***** Supplied material

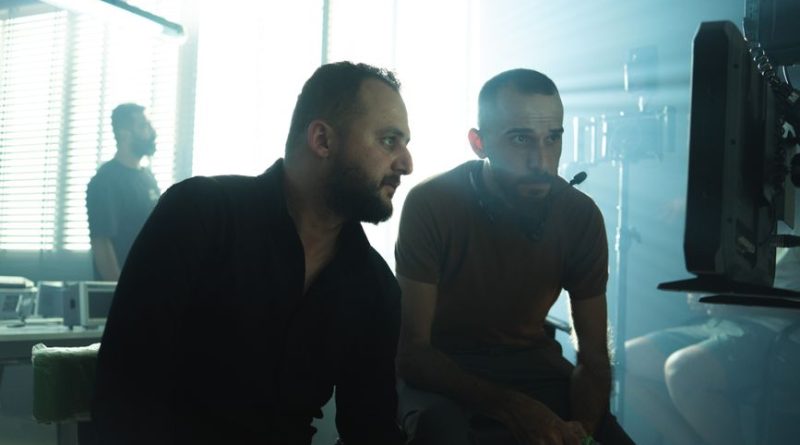 Film crew members collaborating in a Baghdad studio with dramatic lighting.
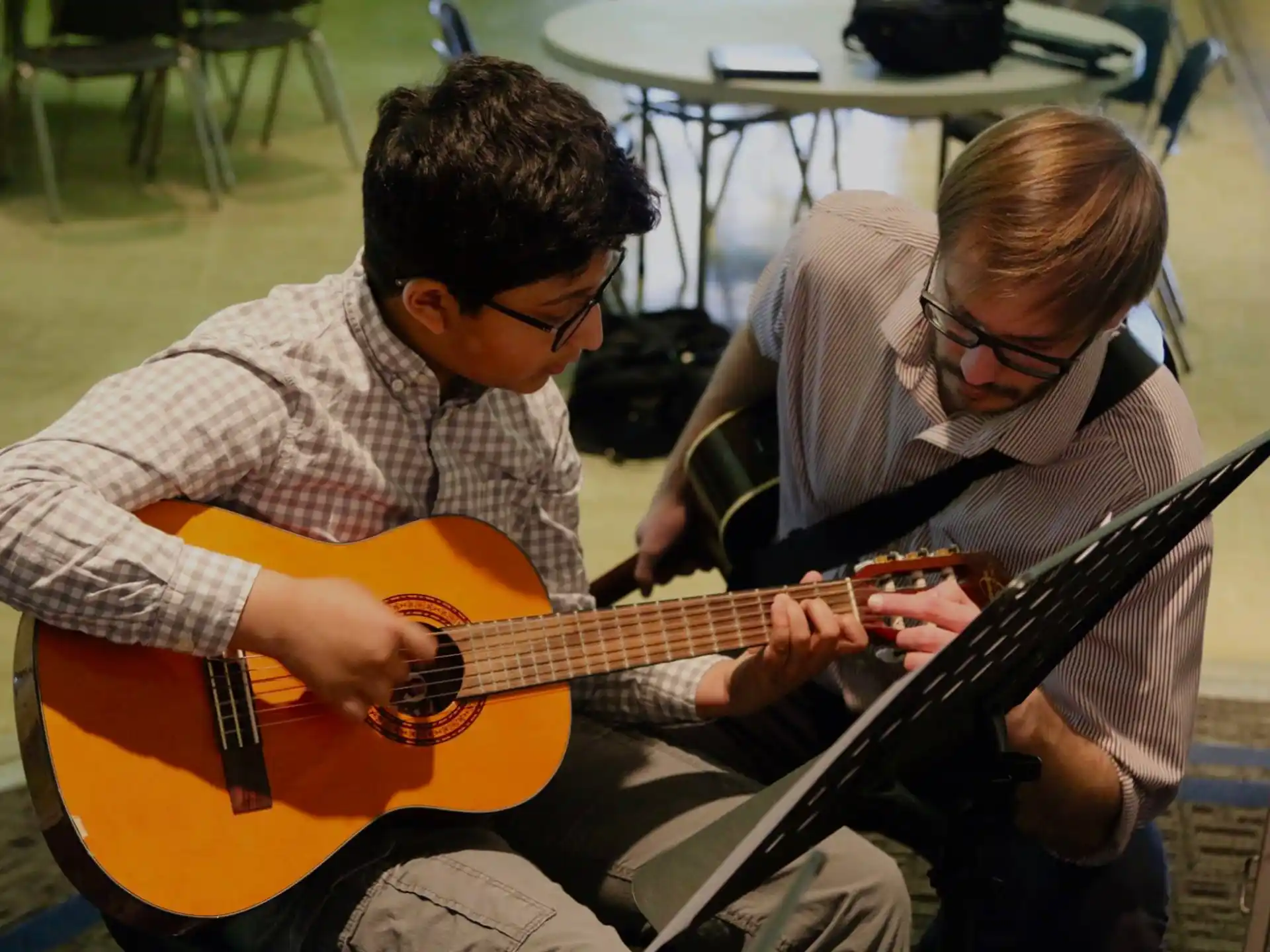 a couple of men playing guitars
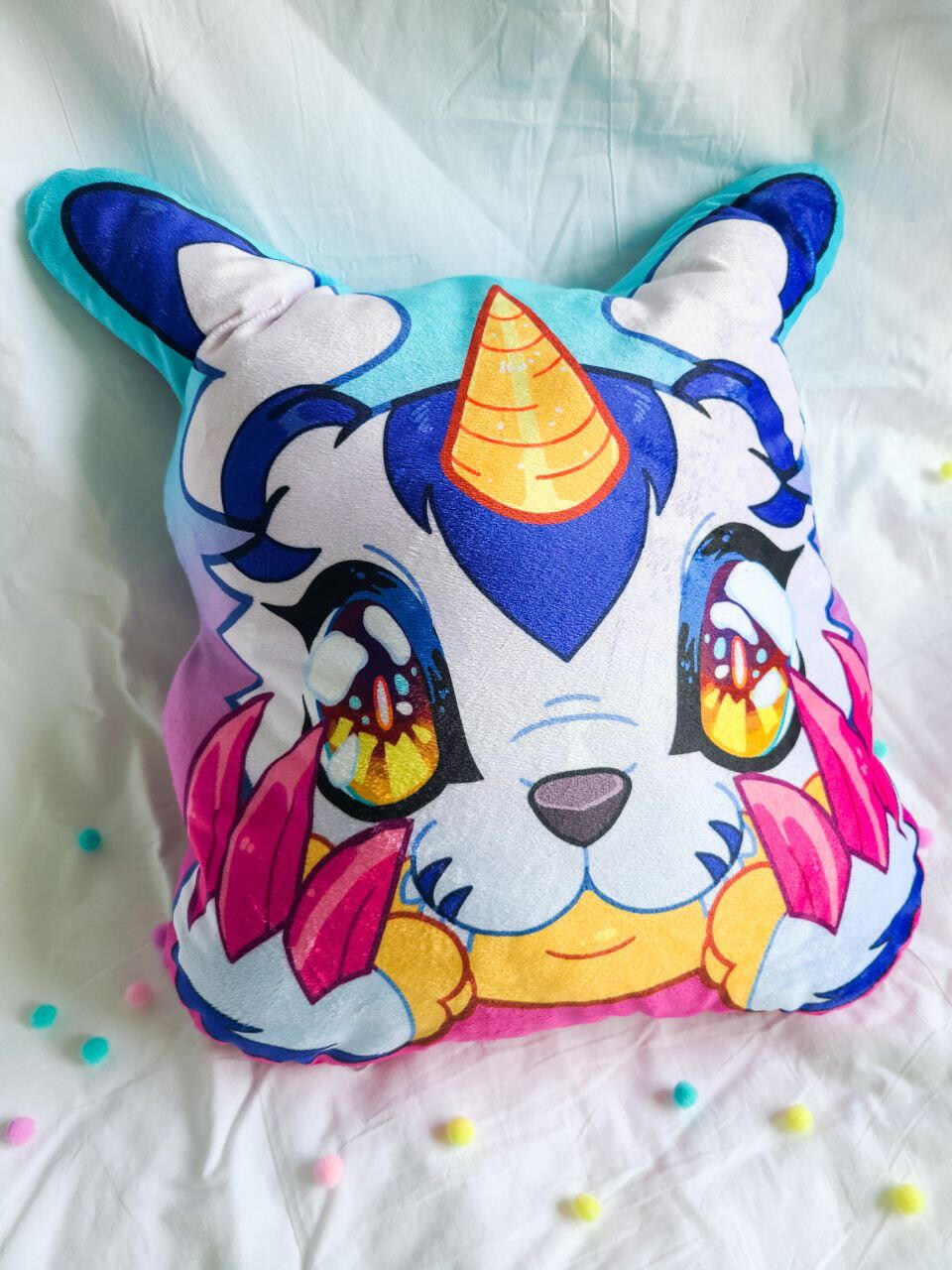 A pillow in the shape of a dog like creature on a gradient background.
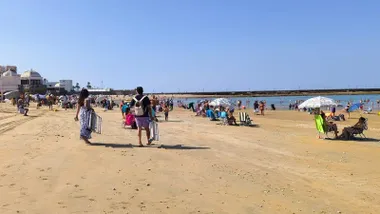 Fotografía tomada en la playa de La Caleta, en Cádiz, donde una pareja camina por la arena llevando sillas de playa. Al fondo, se aprecia el mar y parte de las murallas que rodean la playa. El cielo está despejado y la luz es intensa.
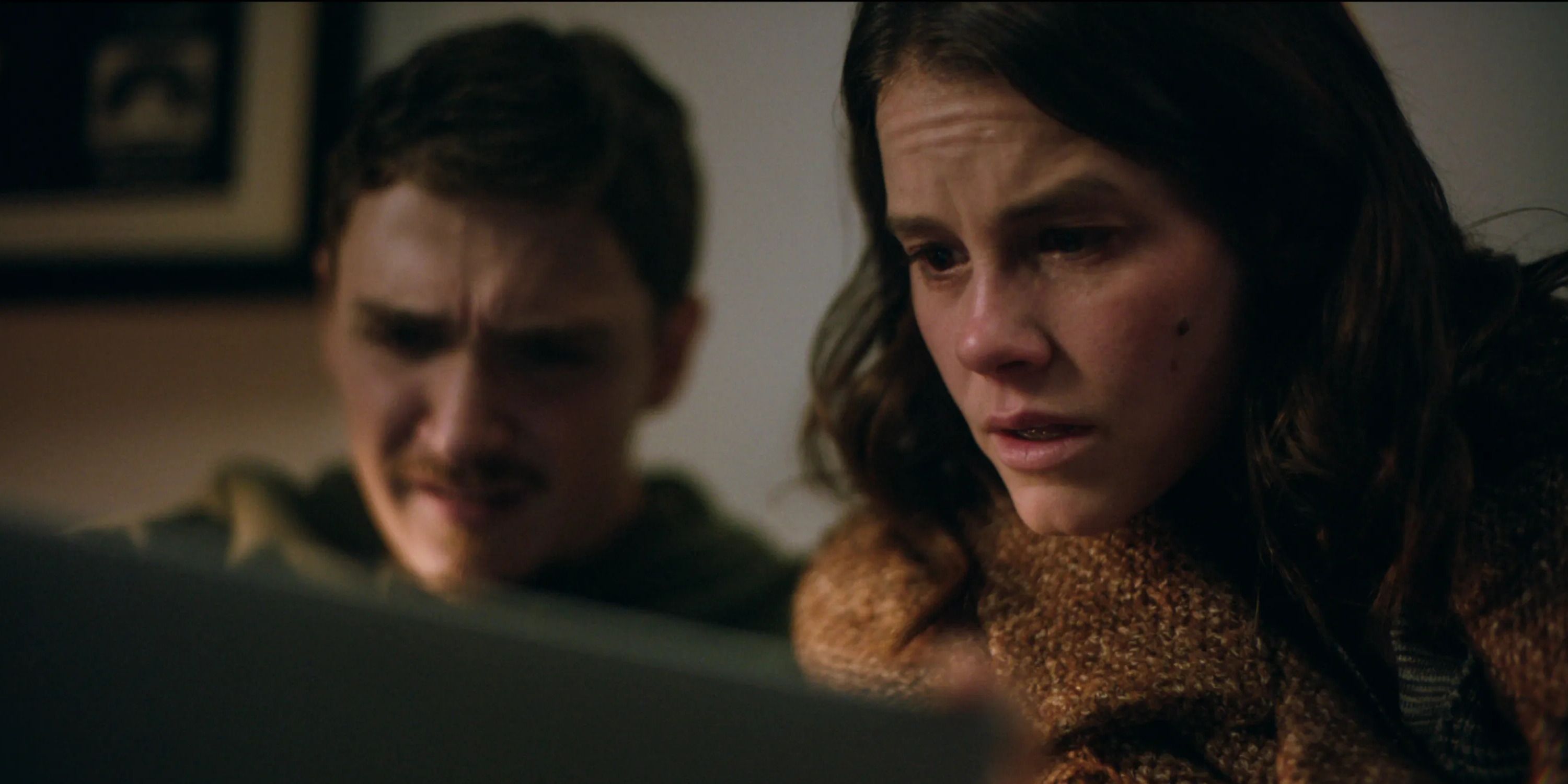 Joel and Rose look scared at a screen in Smile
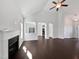 Open-concept living room with fireplace and dark hardwood floors at 80 Somerset Dr, Franklinton, NC 27525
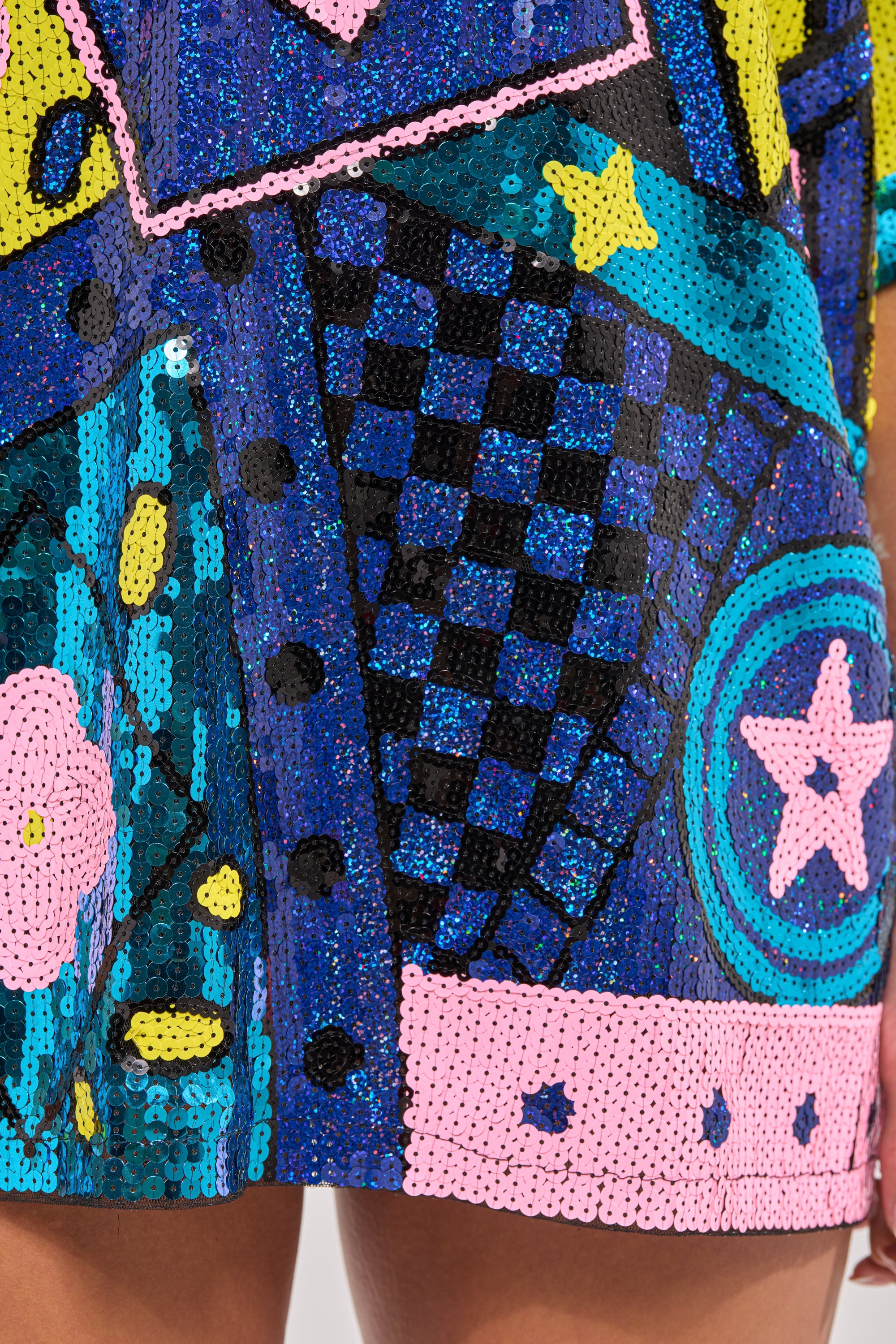 Close-up of the QUEEN OF HEARTS SEQUIN TSHIRT DRESS, featuring colorful star, check, and abstract sequin patterns in blue, pink, yellow, and black. The hem and part of a person's leg are visible at the bottom. 7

**********

The reply is to be all the records above, transcribed exactly, with no pictures.

 Film crew members collaborating in a Baghdad studio with dramatic lighting.
 a couple of men playing guitars
 A pillow in the shape of a dog like creature on a gradient background.
 Fotografía tomada en la playa de La Caleta, en Cádiz, donde una pareja camina por la arena llevando sillas de playa. Al fondo, se aprecia el mar y parte de las murallas que rodean la playa. El cielo está despejado y la luz es intensa.
 Joel and Rose look scared at a screen in Smile
 Open-concept living room with fireplace and dark hardwood floors at 80 Somerset Dr, Franklinton, NC 27525
 Close-up of the QUEEN OF HEARTS SEQUIN TSHIRT DRESS, featuring colorful star, check, and abstract sequin patterns in blue, pink, yellow, and black. The hem and part of a person's leg are visible at the bottom. 7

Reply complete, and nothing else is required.